Ellen Lohr kennt das Problem. Die frühere DTM-Pilotin hielt zuletzt erst einen Vortrag zu dem Thema. Dafür recherchierte sie und hat sich erschrocken, wie schlecht es wirklich aussieht. «Das Thema Frauen und die Formel 1 ist ein komplettes Trauerspiel. Eine Betonwand, die man durchbrechen muss», sagte sie im Gespräch mit SPEEDWEEK.com.

«Mir wurde da erst so richtig klar, wie weit Susie es dann doch gebracht hat. Daran merke ich aber auch, dass es langsam aufbricht. Es gab ewig nichts Ernstzunehmendes. Erst gab es Ablehnung, dann gab es lange nichts, dann waren die Frauen Marketing-Tool. Susie war dann die erste Frau, die auch wirklich Leistung in Testfahrten gezeigt hat, die überhaupt Testfahrten bekommen hat», sagte Lohr.

Wolff kämpft, um Frauen zu inspirieren: Im Zuge ihres Rücktritts hatte sie Anfang 2016 ein Projekt gestartet, um mehr Frauen für den Rennsport zu begeistern. «Traue dich, anders zu sein» («Dare To Be Different») nennt sich Wolffs Projekt, das in Zusammenarbeit mit dem britischen Motorsportverband MSA gegründet wurde. Motorsport soll damit für Mädchen attraktiv gemacht werden. Das Projekt ist freilich langfristig angelegt, beim Start 2016 setzte Wolff das Ziel, dass in zehn Jahren eine Frau in der Formel 1 fährt. Sie betonte zuletzt: «Wir machen langsame aber stetige Fortschritte.»

Immerhin schnuppert aktuell in Sauber-Testfahrerin Tatiana Calderón eine Frau mal wieder Königsklasse-Luft. Die Kolumbianerin bestreitet in diesem Jahr ihre dritte GP3-Saison. «Sie kann es weiter aufweichen. Die Einschläge kommen inzwischen in kürzeren Abständen. Es bricht auf, aber das denke ich seit 20 Jahren.» Das Gute: Es sieht nicht überall so düster aus. «Im normalen Motorsport sind wir ganz gut vertreten. Da bin ich positiv gestimmt.»

Wie kann man es denn schaffen, dass bald mal eine Frau in der Formel 1 mitmischt? «Es müsste endlich mal jemand kommen, der den Sprung tatsächlich schafft. Tatiana könnte weit kommen. Sie hat das Talent, die richtigen Denkansätze und sie hat Geld hinter sich. Das ist fast noch am wichtigsten. Ohne Kohle schafft man es kaum noch in die Formel 1», sagte Lohr, weiß aber gleichzeitig auch: «Die Entwicklung ist im Allgemeinen mega bedenklich.»

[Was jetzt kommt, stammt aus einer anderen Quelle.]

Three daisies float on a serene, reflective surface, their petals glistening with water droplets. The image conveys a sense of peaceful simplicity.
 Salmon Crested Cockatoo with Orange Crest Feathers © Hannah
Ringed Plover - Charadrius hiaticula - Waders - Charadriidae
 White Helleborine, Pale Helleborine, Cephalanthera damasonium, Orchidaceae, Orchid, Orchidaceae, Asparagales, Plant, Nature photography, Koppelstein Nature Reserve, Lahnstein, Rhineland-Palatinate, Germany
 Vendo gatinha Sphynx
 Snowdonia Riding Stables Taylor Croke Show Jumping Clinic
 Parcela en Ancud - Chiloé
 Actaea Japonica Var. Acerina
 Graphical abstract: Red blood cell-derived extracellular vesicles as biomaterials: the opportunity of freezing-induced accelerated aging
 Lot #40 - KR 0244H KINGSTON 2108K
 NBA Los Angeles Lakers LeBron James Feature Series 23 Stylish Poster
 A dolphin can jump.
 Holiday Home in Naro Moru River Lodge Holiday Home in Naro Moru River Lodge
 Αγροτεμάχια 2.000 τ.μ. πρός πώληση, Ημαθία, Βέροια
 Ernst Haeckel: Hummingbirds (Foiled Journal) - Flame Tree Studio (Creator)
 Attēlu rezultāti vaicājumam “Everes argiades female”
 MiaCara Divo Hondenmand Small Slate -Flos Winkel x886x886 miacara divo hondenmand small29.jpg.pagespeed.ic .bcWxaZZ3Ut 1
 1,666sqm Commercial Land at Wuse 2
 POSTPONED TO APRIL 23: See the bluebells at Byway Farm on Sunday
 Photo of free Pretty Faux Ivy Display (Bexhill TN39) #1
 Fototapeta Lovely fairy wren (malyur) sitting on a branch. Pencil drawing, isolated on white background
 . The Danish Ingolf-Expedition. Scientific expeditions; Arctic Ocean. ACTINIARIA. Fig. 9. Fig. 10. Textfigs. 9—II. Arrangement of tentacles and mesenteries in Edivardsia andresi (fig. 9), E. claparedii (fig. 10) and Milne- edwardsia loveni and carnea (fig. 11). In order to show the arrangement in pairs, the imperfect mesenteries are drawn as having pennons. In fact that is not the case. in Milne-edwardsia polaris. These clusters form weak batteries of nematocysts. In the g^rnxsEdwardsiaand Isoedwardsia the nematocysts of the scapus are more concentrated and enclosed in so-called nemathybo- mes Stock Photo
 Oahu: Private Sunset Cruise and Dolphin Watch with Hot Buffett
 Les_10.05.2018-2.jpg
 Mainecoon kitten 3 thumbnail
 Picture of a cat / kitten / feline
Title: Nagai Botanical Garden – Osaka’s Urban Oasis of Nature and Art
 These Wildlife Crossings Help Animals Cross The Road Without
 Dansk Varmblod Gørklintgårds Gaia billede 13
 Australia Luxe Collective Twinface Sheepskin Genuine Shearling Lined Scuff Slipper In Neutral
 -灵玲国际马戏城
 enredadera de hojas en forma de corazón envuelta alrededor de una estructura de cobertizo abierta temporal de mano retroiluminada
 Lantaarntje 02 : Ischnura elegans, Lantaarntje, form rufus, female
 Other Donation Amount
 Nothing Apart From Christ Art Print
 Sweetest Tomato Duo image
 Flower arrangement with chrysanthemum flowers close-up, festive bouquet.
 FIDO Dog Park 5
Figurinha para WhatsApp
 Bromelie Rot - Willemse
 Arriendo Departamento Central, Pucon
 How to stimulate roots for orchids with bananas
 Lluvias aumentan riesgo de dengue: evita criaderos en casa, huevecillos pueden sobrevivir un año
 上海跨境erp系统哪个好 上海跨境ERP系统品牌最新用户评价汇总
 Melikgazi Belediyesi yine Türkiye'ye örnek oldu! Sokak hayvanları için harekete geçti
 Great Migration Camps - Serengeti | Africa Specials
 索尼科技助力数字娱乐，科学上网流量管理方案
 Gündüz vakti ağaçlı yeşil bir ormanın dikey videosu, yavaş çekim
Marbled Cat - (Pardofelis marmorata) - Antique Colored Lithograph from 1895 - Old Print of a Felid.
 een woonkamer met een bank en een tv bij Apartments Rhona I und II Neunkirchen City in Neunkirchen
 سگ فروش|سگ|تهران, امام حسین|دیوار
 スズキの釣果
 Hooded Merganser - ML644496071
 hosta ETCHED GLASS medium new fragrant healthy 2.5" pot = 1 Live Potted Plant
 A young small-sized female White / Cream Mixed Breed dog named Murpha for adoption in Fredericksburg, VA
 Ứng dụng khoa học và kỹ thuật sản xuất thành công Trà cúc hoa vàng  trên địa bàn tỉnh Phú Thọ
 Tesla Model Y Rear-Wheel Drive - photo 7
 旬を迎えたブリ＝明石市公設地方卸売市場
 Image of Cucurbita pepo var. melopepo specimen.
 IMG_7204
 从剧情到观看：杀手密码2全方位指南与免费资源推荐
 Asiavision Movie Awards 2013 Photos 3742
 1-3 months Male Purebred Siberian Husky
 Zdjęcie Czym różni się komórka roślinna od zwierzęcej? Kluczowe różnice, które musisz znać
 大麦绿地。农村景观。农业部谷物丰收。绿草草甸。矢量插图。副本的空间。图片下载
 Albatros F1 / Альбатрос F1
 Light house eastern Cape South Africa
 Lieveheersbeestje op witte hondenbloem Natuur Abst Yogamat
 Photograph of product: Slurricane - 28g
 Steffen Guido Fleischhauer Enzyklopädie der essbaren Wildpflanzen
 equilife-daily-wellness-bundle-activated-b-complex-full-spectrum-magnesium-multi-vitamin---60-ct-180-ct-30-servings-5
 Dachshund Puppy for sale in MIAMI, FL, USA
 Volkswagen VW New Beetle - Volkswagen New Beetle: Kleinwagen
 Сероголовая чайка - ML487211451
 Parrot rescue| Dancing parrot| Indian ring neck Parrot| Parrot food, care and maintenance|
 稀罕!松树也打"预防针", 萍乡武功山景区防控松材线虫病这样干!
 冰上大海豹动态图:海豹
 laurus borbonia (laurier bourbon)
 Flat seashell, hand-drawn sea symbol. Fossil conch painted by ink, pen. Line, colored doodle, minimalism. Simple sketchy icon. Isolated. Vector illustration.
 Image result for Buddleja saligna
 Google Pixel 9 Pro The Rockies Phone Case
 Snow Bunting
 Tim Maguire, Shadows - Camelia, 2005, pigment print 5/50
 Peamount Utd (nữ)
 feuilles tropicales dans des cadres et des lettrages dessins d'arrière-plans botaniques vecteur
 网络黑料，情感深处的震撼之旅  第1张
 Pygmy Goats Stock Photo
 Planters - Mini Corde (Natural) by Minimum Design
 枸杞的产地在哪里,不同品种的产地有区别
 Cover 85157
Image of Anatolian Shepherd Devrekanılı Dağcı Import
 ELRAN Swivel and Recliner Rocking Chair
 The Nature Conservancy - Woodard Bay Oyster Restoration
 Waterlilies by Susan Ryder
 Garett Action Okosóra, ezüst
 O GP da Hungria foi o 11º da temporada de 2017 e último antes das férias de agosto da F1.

Lohr hat es selbst erlebt, als man noch aus einer kleinen Familie ohne Geld sehr weit kommen konnte. Die Zeiten sind allerdings vorbei. Zu ihrer Zeit in den 80er und 90er Jahren reichten 15.000 Euro als Budget für eine ganze Saison, das Auto wurde gestellt. «Damit konnte man Meister werden, da konnte sich Talent durchsetzen. Und das Niveau war enorm hoch. Als ich Formel Ford und Formel 3 fuhr, waren Jungs wie Schumacher, Frentzen, Wendlinger oder Bartels dabei», erinnert sich Lohr.

Eine mögliche Lösung: «Alles viel einfacher machen.» Doch das ist auch ein Zwiespalt. «Du willst die Kinder perfekt ausbilden. Aber dann kannst du keinen preiswerten Motorsport mehr machen., Und sobald er preiswert ist, wird er ausgelacht. Deswegen kommen fast nur noch reiche Kinder oben rein, was unseren Sport komplett versaut.»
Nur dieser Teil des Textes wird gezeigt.